Taking no chances: Restaurant owner Heng Teo Chean, 47 (right) and a worker filling up water into a large tank in Taman Midah, Cheras.
PETALING JAYA: The current water shortage may be due to a dry spell but consumption habits are not helping to solve the problem.
Malaysians use a lot of water and the amount is increasing every year.
According to National Water Services Commission data, the average Malaysian used 201 litres of water per day in 2009, 209 in 2010, 210 in 2011 and 212 in 2012.
The figures are among the highest in the region, said Fomca deputy secretary-general Foon Weng Lian.
Singapore’s per capita consumption of water is only 151 litres per capita per day while the United Nations recommendation is 150 litres, said Foon.
Getting Malaysians to save water has not been easy.

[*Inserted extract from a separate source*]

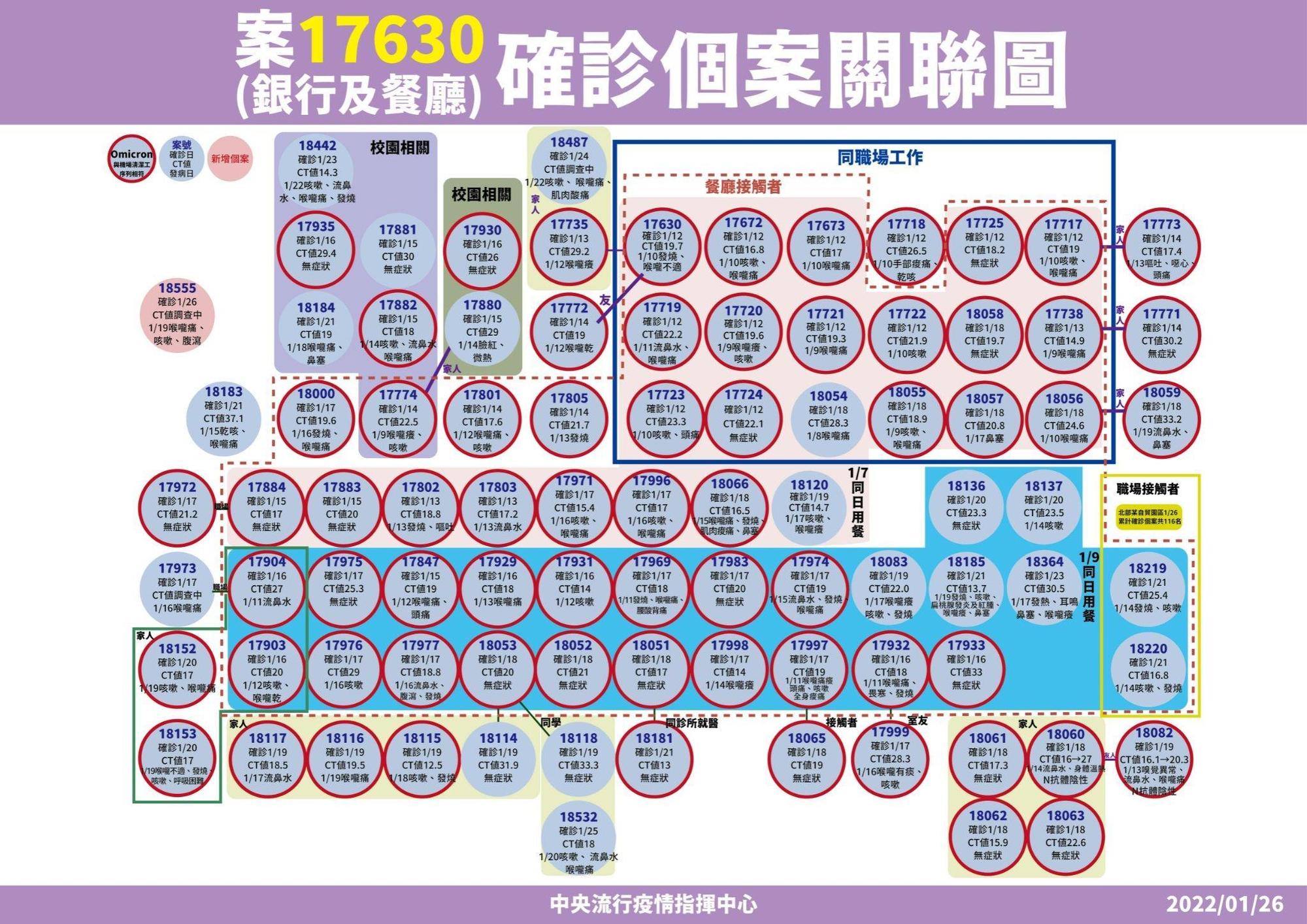 案17630確診個案關聯圖。(指揮中心提供)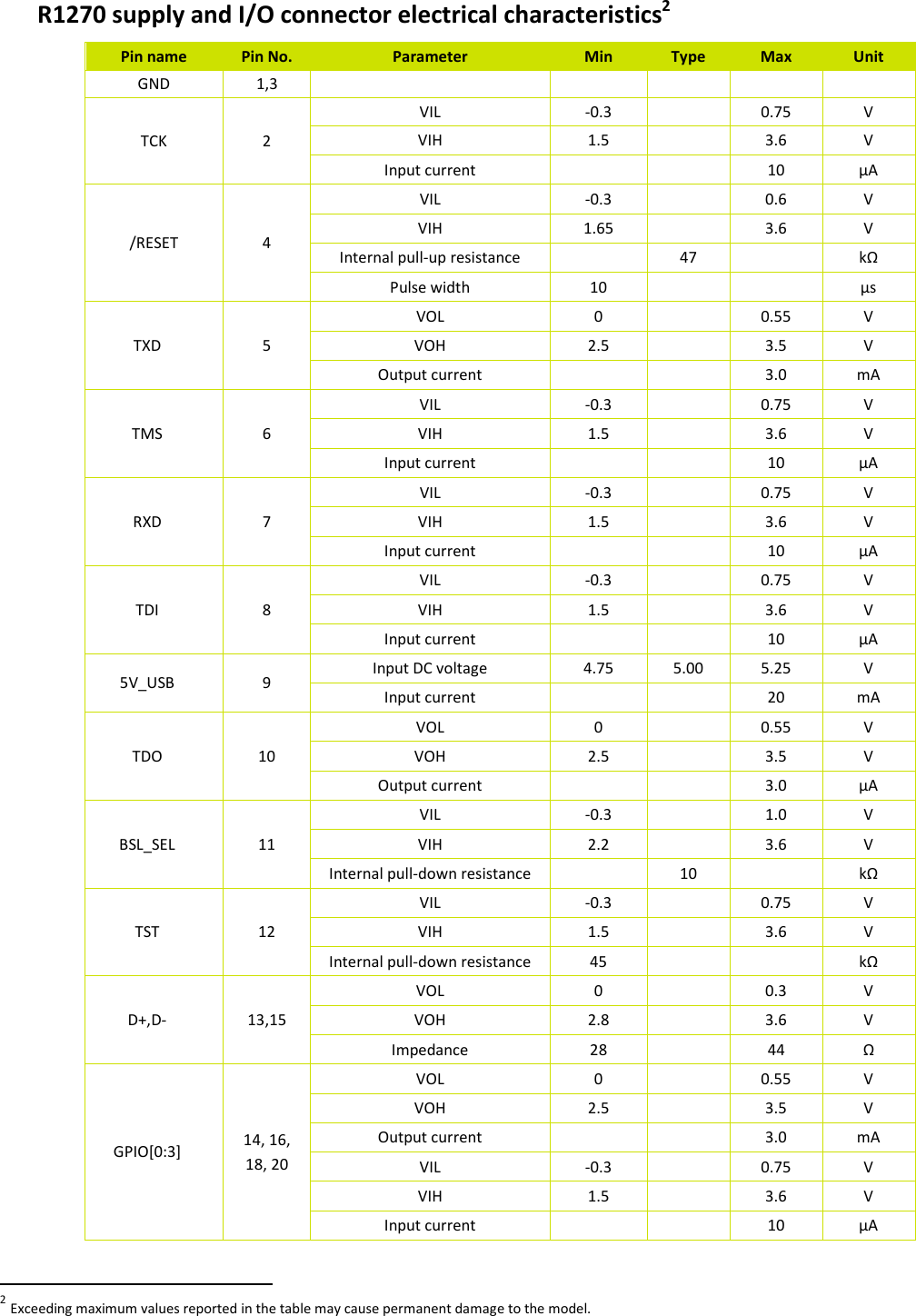  QUARK UP R1270 - Quark Up Technical Information Manual  13  R1270 supply and I/O connector electrical characteristics2 Pin name  Pin No.  Parameter  Min  Type  Max  Unit GND  1,3           TCK  2 VIL  -0.3    0.75  V VIH  1.5    3.6  V Input current    10  μA /RESET  4 VIL  -0.3    0.6  V VIH  1.65    3.6  V Internal pull-up resistance    47  kΩ Pulse width  10    μs TXD  5 VOL  0    0.55  V VOH  2.5    3.5  V Output current    3.0  mA TMS  6 VIL  -0.3    0.75  V VIH  1.5    3.6  V Input current    10  μA RXD  7 VIL  -0.3    0.75  V VIH  1.5    3.6  V Input current    10  μA TDI  8 VIL  -0.3    0.75  V VIH  1.5    3.6  V Input current    10  μA 5V_USB  9  Input DC voltage  4.75  5.00  5.25  V Input current    20  mA TDO  10 VOL  0    0.55  V VOH  2.5    3.5  V Output current    3.0  μA BSL_SEL  11 VIL  -0.3    1.0  V VIH  2.2    3.6  V Internal pull-down resistance    10    kΩ TST  12 VIL  -0.3    0.75  V VIH  1.5    3.6  V Internal pull-down resistance  45    kΩ D+,D-  13,15 VOL  0    0.3  V VOH  2.8    3.6  V Impedance  28    44  Ω GPIO[0:3]  14, 16,  18, 20 VOL  0    0.55  V VOH  2.5    3.5  V Output current    3.0  mA VIL  -0.3    0.75  V VIH  1.5    3.6  V Input current    10  μA                                                        2 Exceeding maximum values reported in the table may cause permanent damage to the model.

In 2007, Fomca and the then Ministry of Energy, Green Technology and Water conducted the Domestic Water Consumption Study.
“At the end of the study in 2010, we asked respondents whether they were willing to conserve water for the next three years. Seventy-five per cent of them said they were not willing to do so,” Foon said.
The finding showed up the failure of ad hoc water conservation campaigns, he said, adding:
“The water conservation campaign must be ongoing because Malaysians really need to be constantly reminded.”
Some consumers affected by the rationing exercise in Selangor were collecting excess water each time their taps flowed as they were fearful of them running dry, said Foon.
M. Yoga and his family had been storing water in three 25-gallon buckets at their home in Bandar Utama.
The head of the household of eight (which includes his wife, four children, mother-in-law and maid) would prefer a one day on, one day off rationing system instead of the present two days on, two days off.
“We’re not at home during the day and although I’ve told the maid not to fill up all the buckets, she continues to do so because she fears the cut may extend from two days to three without any notice.
Lin Dahalan, her husband and three children are getting by with a 30-gallon bucket at their home in Puchong, but feel they are cutting it fine.
“The water goes off at sharp 10am but only comes back on to the third floor around 10pm on the third day.There’s always a possibility we could run out,” she said.
Foon said the current shortage must be seen by all as a wake-up call about the importance of water conservation and good management of water resources.
He said planners drawing up the country’s long-term water supply policy must take into account not just consumption habits but the effect of increasingly unpredictable weather.